1.1 Random variables

Let \(X\) be a random variable taking values in \(\R \). You should think of \(X\) as an object that takes a random value, which is hopefully natural. Most of the things we interact with are random e.g. when we buy a pair of shoes we do not know how long they will last for; when we walk home later, we do not know how much rain will fall, and so on. In principle we might think of anything as being random, but within this course we will restrict ourselves to random variables that take values in \(\R ^d\). We won’t use bold symbols for vectors in this course. Typically we will write \(x\) or \(y\) for elements of \(\R ^d\), and when we need to use coordinates we’ll write e.g. \(x=(x_1,\ldots x_d)\in \R ^d\), where \(x_i\in \R \).

We are interested in two particular types of random variable in this course, captured by the following definition.

  • Definition 1.1.1 Let \(X\) be a random variable taking values in \(\R ^d\).

    • 1. We say that \(X\) is discrete if there exists a countable set \(A\sw \R ^d\) such that \(\P [X\in A]=1\).

      In the case \(d=1\), this will usually mean that either \(P[X\in \N ]\) or \(\P [X\in \Z ]=1\). We use the terminology ‘let \(X\) be random variable with values in \(\N \) (or \(\Z \))’ for this case.

      In this case the function \(p_X(x)=\P [X=x]\), defined for \(x\in \R ^d\), is known as the probability mass function or simply p.m.f. of \(X\).

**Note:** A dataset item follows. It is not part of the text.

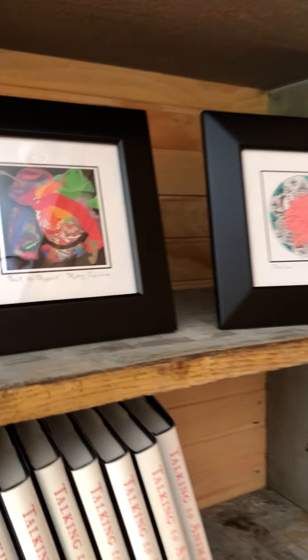Hi everyone! I'm here with Kitty Farnham and she just dropped off her work for the Bedlam Farm Open House. She does these wonderful paintings and drawings. What are they, Kitty?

      The range of \(X\) is the set \(R_X=\{x\in \R ^d\-\P [X=x]>0\}\).

    • 2.

      We say that \(X\) is continuous if there exists a function \(f_X:\R ^d\to [0,\infty )\) such that

      \begin{equation} \label {eq:abs_cts_pdf} \P [X\in A]=\int _A f_X(x)\,dx \end{equation}

      for all \(A\sw \R ^d\).

      In this case \(f_X\) is known as the probability density function or simply p.d.f. of \(X\). For \(d>1\) it is common to write \(X=(X_1,\ldots ,X_d)\) and refer to \(f_X(x)\) as the joint p.d.f. of the \(X_i\).

      The range of \(X\) is the set \(R_X=\{x\in \R ^d\-f_X(x)>0\}\).

Most random variables used in statistical inference are one of these two types. In this course we will use reference sheets of named distributions, found in Appendix A, covering a very large range of examples. These reference sheets will be made available in the exam. You should be familiar with relationships between named distributions that were discussed in earlier courses, for example the relationship between Bernoulli trials and the Geometric and Binomial distributions.

Note that the integral in (1.1) is over a set \(A\sw \R ^d\), with variable \(x\in \R ^d\). We’ll generally use this notation instead of writing out multiple integral signs (e.g. \(\int \int \int \cdots \int \ldots dx_1\,dx_2,\ldots ,dx_d\)) in this course.

  • Definition 1.1.2 Let \(X\) be a random variable taking values in \(\R ^d\). We say that a random variable \(X\) is deterministic if there exists \(x\in \R ^d\) such that \(\P [X=x]=1\).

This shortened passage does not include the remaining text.